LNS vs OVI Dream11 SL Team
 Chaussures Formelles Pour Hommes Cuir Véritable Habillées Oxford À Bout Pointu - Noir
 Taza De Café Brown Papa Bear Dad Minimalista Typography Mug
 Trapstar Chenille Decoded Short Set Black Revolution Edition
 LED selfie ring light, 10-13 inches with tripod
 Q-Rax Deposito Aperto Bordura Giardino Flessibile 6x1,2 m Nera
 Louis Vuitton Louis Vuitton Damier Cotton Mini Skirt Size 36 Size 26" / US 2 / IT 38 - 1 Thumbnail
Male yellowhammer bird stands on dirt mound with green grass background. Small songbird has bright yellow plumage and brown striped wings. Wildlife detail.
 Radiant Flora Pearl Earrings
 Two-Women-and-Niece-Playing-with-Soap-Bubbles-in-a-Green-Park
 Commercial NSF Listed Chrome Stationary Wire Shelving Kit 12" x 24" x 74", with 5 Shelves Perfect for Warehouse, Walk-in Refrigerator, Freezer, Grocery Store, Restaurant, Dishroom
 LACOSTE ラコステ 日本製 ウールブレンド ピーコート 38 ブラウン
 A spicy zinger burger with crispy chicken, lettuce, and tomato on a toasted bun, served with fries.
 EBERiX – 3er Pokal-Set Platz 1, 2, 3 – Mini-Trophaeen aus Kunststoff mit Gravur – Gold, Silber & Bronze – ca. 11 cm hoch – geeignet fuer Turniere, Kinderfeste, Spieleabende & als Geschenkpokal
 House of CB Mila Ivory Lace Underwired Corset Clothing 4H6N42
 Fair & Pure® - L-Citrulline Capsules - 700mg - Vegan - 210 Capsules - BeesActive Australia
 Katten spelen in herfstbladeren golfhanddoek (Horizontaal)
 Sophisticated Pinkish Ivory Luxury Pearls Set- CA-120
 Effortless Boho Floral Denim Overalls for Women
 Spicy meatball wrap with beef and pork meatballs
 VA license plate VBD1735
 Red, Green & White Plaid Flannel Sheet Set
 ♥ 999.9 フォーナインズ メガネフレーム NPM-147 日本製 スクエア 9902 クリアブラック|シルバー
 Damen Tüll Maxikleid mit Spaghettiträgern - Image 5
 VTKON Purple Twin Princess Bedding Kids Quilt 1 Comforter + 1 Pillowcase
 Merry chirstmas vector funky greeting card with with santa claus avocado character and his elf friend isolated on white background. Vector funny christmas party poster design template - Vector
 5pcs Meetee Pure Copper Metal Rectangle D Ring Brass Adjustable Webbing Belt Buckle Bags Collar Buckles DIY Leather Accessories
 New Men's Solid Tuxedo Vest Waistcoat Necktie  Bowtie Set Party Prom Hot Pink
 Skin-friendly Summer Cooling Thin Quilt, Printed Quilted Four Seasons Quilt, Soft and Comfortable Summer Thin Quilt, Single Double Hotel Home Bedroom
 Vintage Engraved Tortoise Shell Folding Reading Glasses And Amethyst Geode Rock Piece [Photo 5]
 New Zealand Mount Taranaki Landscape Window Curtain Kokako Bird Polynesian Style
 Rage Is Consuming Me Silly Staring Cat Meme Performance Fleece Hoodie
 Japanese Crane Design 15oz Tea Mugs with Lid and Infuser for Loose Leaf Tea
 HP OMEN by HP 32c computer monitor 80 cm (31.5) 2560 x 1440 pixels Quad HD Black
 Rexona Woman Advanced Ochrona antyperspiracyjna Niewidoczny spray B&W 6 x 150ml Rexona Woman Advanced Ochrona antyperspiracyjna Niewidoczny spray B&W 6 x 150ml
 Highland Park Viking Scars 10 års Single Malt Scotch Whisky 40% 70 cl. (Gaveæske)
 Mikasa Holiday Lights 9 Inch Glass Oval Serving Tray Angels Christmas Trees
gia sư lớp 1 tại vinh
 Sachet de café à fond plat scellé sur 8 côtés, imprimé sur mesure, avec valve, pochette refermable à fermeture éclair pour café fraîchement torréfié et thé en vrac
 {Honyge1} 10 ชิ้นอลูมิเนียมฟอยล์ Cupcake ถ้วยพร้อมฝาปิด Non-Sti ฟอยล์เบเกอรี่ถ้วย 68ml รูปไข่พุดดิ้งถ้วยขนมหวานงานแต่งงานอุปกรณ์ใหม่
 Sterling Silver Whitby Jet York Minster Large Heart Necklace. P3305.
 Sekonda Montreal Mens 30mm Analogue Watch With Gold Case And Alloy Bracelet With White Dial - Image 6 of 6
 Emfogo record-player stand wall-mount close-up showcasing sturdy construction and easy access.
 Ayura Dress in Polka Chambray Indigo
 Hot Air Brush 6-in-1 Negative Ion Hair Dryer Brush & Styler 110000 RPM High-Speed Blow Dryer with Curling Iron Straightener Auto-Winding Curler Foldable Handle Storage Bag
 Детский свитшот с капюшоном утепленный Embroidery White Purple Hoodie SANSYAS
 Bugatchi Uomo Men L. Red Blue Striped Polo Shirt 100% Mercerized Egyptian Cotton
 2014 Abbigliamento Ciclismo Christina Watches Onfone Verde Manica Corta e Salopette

****

» Aim of the task
Please return all lines above in which the string "Quilt" is found.

» Problem solution
 VTKON Purple Twin Princess Bedding Kids Quilt 1 Comforter + 1 Pillowcase
 Skin-friendly Summer Cooling Thin Quilt, Printed Quilted Four Seasons Quilt, Soft and Comfortable Summer Thin Quilt, Single Double Hotel Home Bedroom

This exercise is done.